### Your assignment
An exact copy of the lines of the listing below between the "Può includere: Sei" line and the "A buffet table" line, both included, is the whole answer; please omit the pictures.

### The data
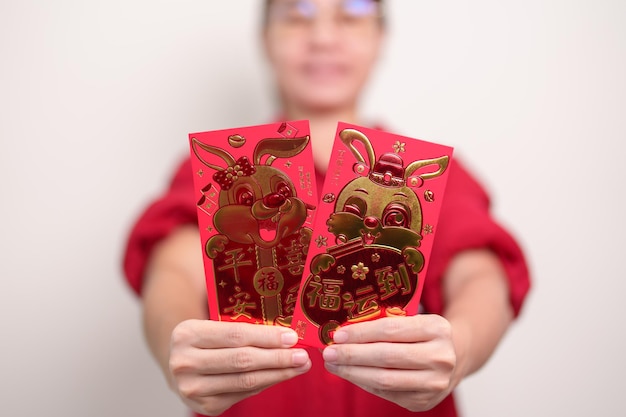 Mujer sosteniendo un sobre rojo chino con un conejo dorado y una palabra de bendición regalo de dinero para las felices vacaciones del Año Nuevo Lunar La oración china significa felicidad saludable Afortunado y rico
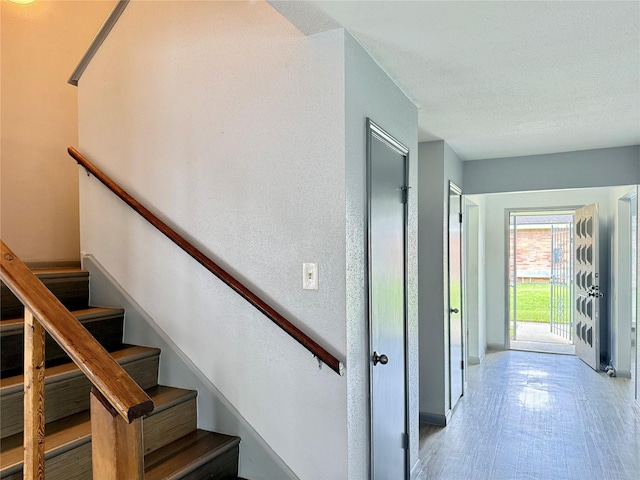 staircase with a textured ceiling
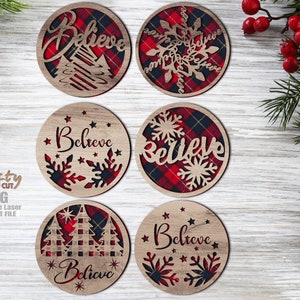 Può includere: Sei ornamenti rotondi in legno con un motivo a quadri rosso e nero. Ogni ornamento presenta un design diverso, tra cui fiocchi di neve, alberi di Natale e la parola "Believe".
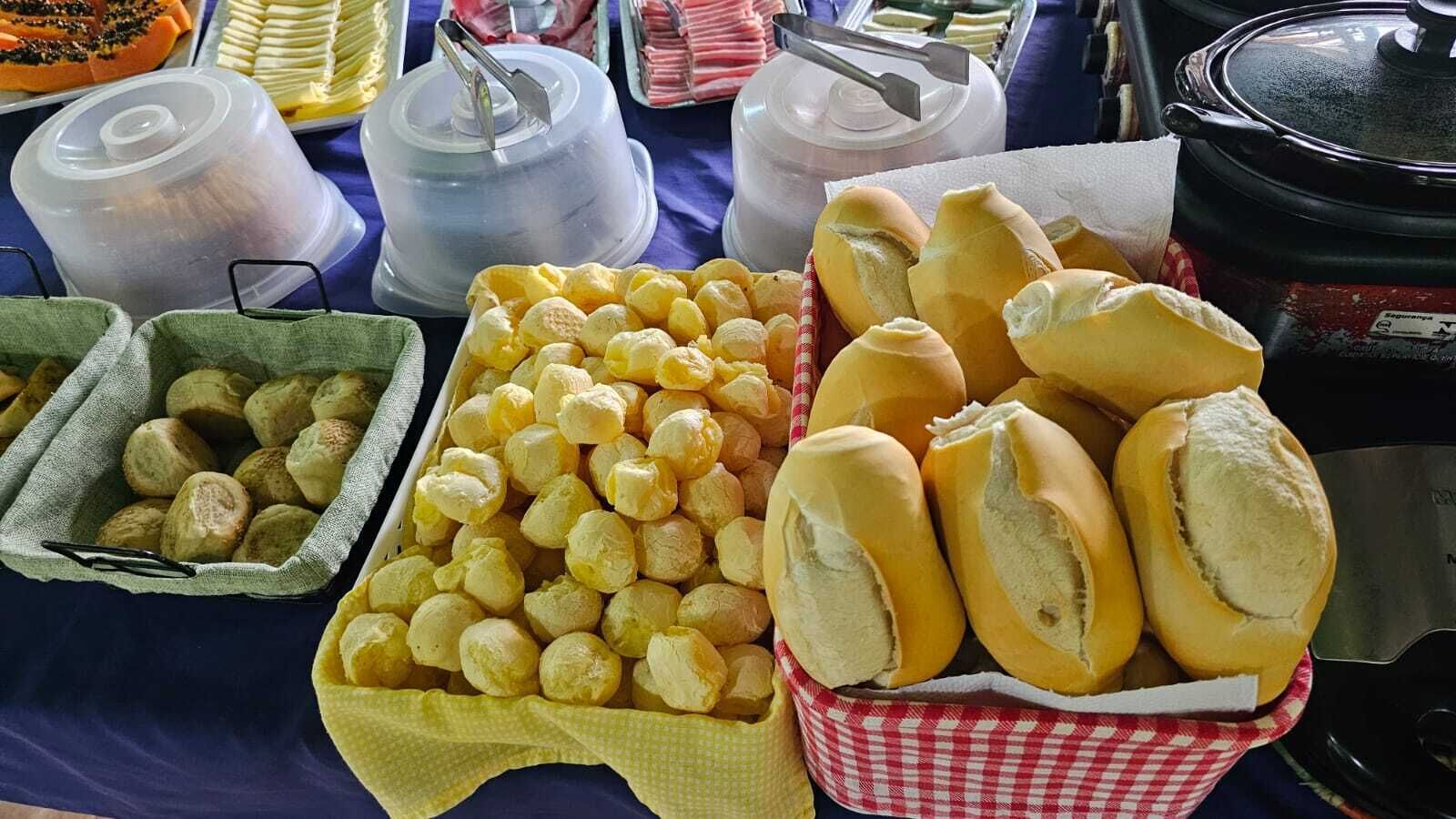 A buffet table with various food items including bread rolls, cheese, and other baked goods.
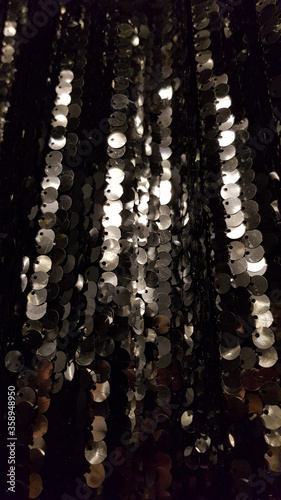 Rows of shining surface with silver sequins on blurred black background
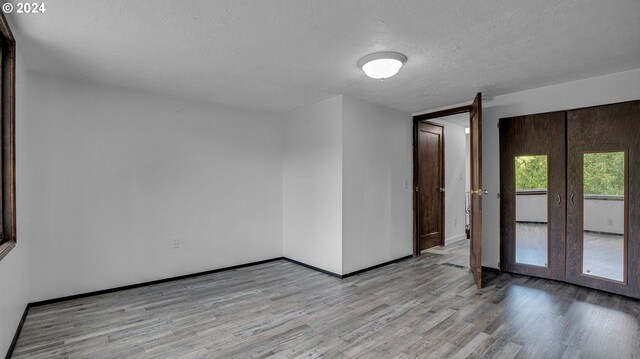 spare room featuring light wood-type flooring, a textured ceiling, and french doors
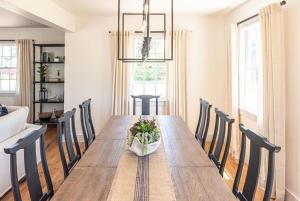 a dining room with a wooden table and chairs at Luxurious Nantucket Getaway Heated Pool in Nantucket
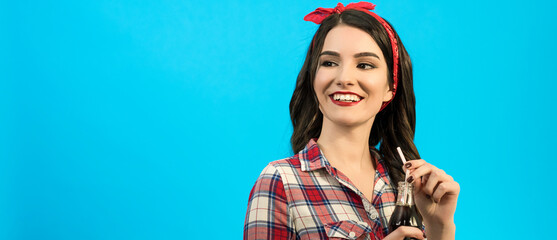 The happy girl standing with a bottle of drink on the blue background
...
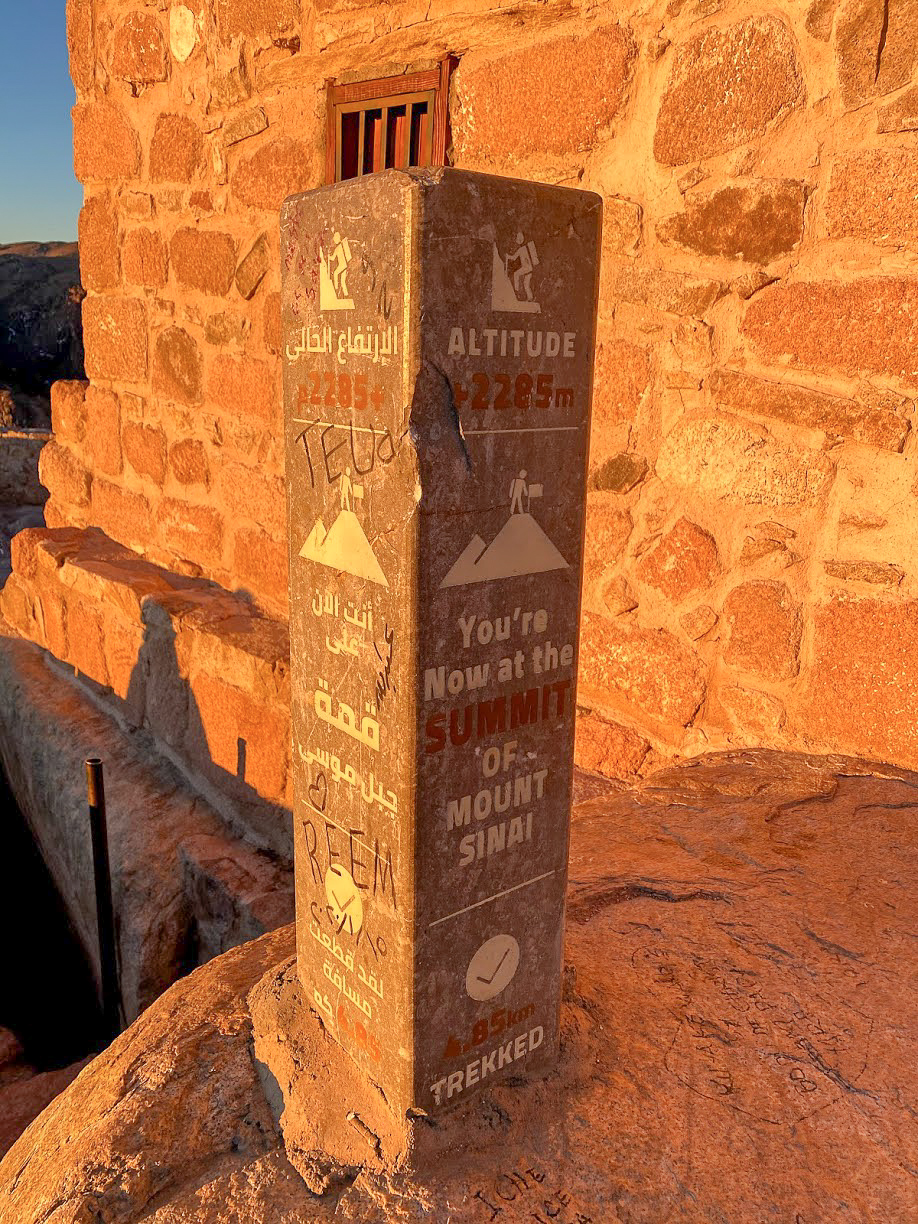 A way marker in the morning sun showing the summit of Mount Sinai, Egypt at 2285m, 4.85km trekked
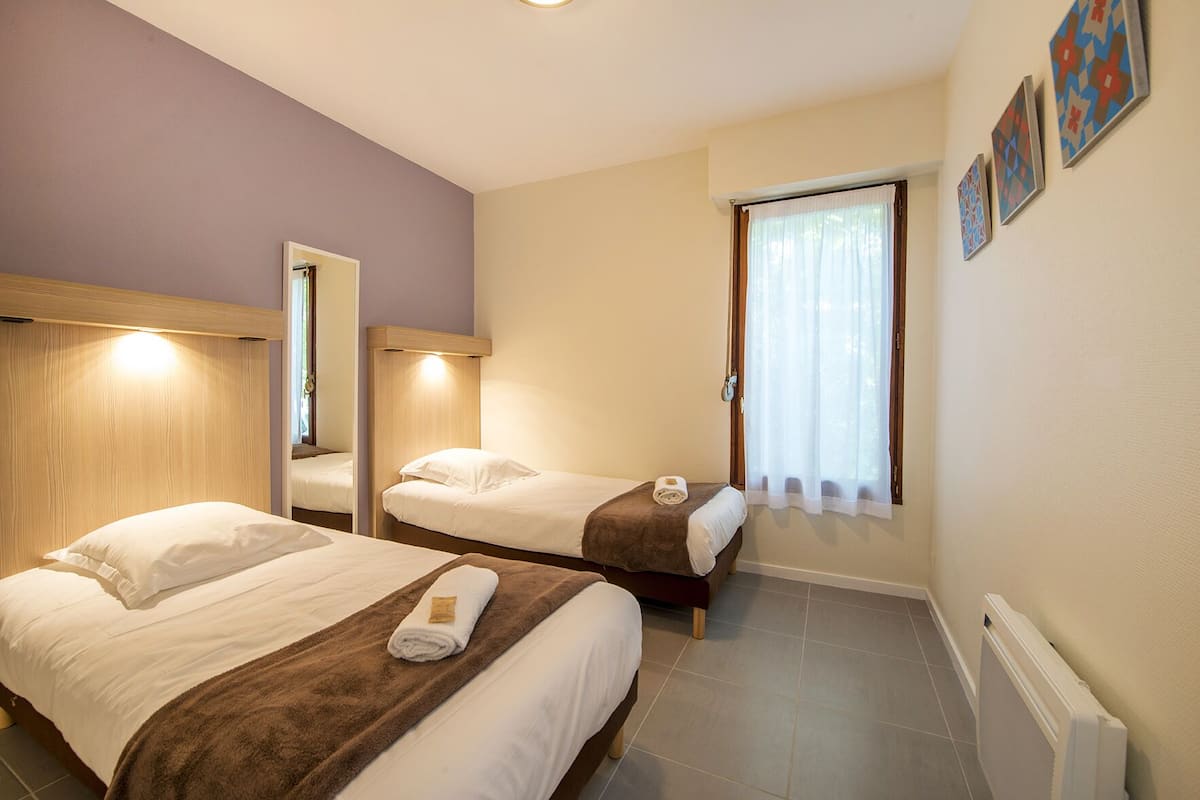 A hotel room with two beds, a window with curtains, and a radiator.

### Solved exercise
 Può includere: Sei ornamenti rotondi in legno con un motivo a quadri rosso e nero. Ogni ornamento presenta un design diverso, tra cui fiocchi di neve, alberi di Natale e la parola "Believe".
 A buffet table with various food items including bread rolls, cheese, and other baked goods.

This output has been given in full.